In the downloaded page through XPath the title of the post, the author, the date and the article itself are taken out. The comments have not yet touched - there are many of them, it will be possible to implement it in habrapers 2.0.
In the article itself through the regulars, all punctuation marks are removed, except for points and spaces. All words are translated to lower case. Next, it is calculated how many times each word occurs in this article, and is recorded in the database.
At first I decided to connect to MySQL via adapters (ADO.NET). MySQL connector 5.2.7 connected to the database, but did it extremely slowly. Adding about 2000 lines took almost 5 minutes.

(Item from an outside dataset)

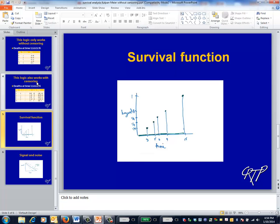This illustrates the estimated hazard function from the previous example. The Kaplan-Meier procedure generates not just an estimate of the survival function, but of the hazard function as well. The actual hazard function is probably a continuous function over time, but our estimate of the hazard is zero for times without events and jumps at the time of the events.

Therefore, I wrote requests in the old fashioned way, with pens. I have not reached Entity Framework yet, and I don’t think it will be faster. At the same time, the connection via adapters to MS SQL works smartly - just as with queries with hands. For training, MS SQL scored up to 2.5 million records - the speed of addition did not fall. But I digress.
As always, bugs came out when debugging.
1. On Habré there are articles without a single word. Until November, they are 716.
Extreme .
They are located on the
subquery .
2. On Habré there are articles without the author. Until November, there are 371.
Extreme .
They are located on the
subquery .
3. On Habré there is an article with a virus. Sorry, could not remember the address. Antivirus (AVG) swore at it and nailed the whole program. I had to turn it off.
The addition of 200,000 articles was divided into 2 stages and took a total of 26 hours. The last articles were in early November and spoiled the statistics, so I deleted them.
Now in base about 34 million records. The base weighs 3 GB (indexed) and includes 199983 articles.
MySQL settings. Here is the
ini file launch .
Nout - i7, 8 GB of RAM, HDD.
Made indexing by fields (id_post, word, count) in the twordsinpost table. It seems to be more bright - instead of 2 minutes, the request takes 30 seconds. Advise by the way how to optimize the base of this size?
There is an idea to put the database on the site, and write a simple wrapper in PHP, but until I learn to force MySQL to work faster, I have to type in pens. Yes, and more flexible.
The parser itself!

The parser is hard-packed with IP 127.0.0.1, the database name is “habraparser”, user is “root”, password is “1”.
It is prescribed here - cDataBase.Connect ().
For lack of a better one, I threw out the code, the base and the results on my
dropbox .
So, the most interesting!
The results of all requests are in the
file . Or, again, on the
server . Go!
On Habré 83174 empty posts.
Number of posts by month -
request
A request for a number of different words is a
request . It is necessary to replace the word WORD with your own. Very interesting.
For example, when searching for “Habr%”, the word “Habrarevolution” was encountered. And look at the request "Putin%" yourself.
And the most important request - to mention words in posts by month - a
request .
In the same way, replace “WORD” with your own. I started with the word "java".

Then the word "google".

Then the word "Habr%".

It is not possible to find the word “C #”, since I have removed the grid with a regular schedule. The same with C ++. Alas.
The word "android".

The word "apple".

And finally my favorite. Startup%.

Javascript

"Framework" or "framework".

"Innovation%".

UPD
Specially at the request of
lomalkin - “bitcoin%”.

And finally, the most delicious.
Code I posted it in the archive, if I need to fill it somewhere else. Poured on
rghost .
File with
all the frequently used words . It is on the
rghost .
The base itself. 1,077 MB.
Download for free without SMS .
The mirror . Create through HeidiSQL.
In the comments can offer more interesting words.
I hope it was interesting to read! Thank you all for your attention! Sincerely,
Muxto .
UPD.
At the request of workers laid out the
top 100 words on Habré . I was surprised by the word "t" in 92 place. And the number 5 is mentioned more often than 4.